WHAT IS NEEDED:
The lines from the top of the material through the line with "Vintage Handmade Sterling" are to be set down exactly. Leave the pictures out.

**** AVAILABLE DATA

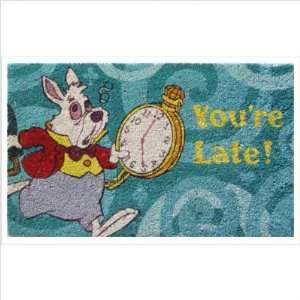 Disney Youre Late Novelty Rectangular Doormat Size 18 x 30 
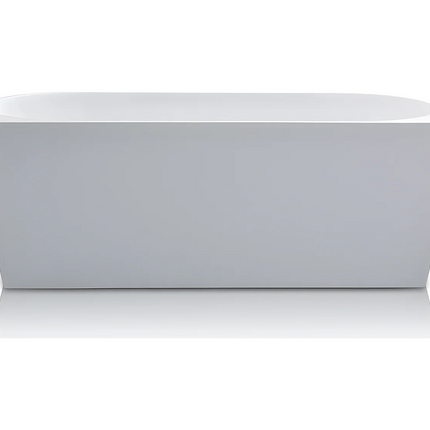 Baignoire semi îlot asymétrique finition brillante - Blanche - 180 cm - DIVINA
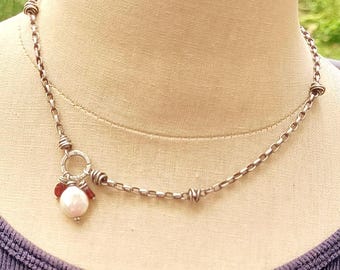 Vintage Handmade Sterling Silver Chain with PEarl and Garnet Drops, 16 inches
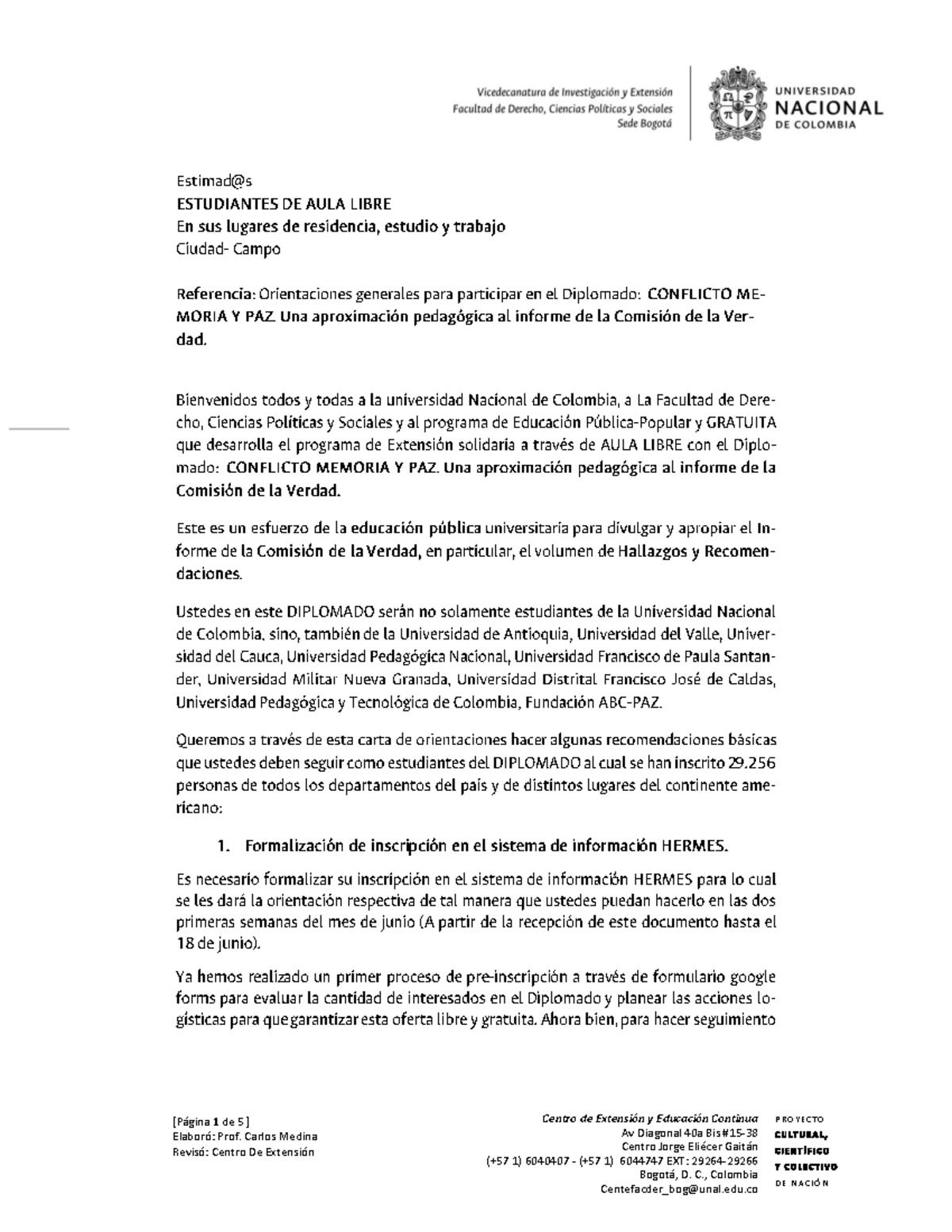 Orientaciones Generales Participación Diplomado Conflicto Memoria Y Paz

********

SOLUTION BELOW:
 Disney Youre Late Novelty Rectangular Doormat Size 18 x 30 
 Baignoire semi îlot asymétrique finition brillante - Blanche - 180 cm - DIVINA
 Vintage Handmade Sterling Silver Chain with PEarl and Garnet Drops, 16 inches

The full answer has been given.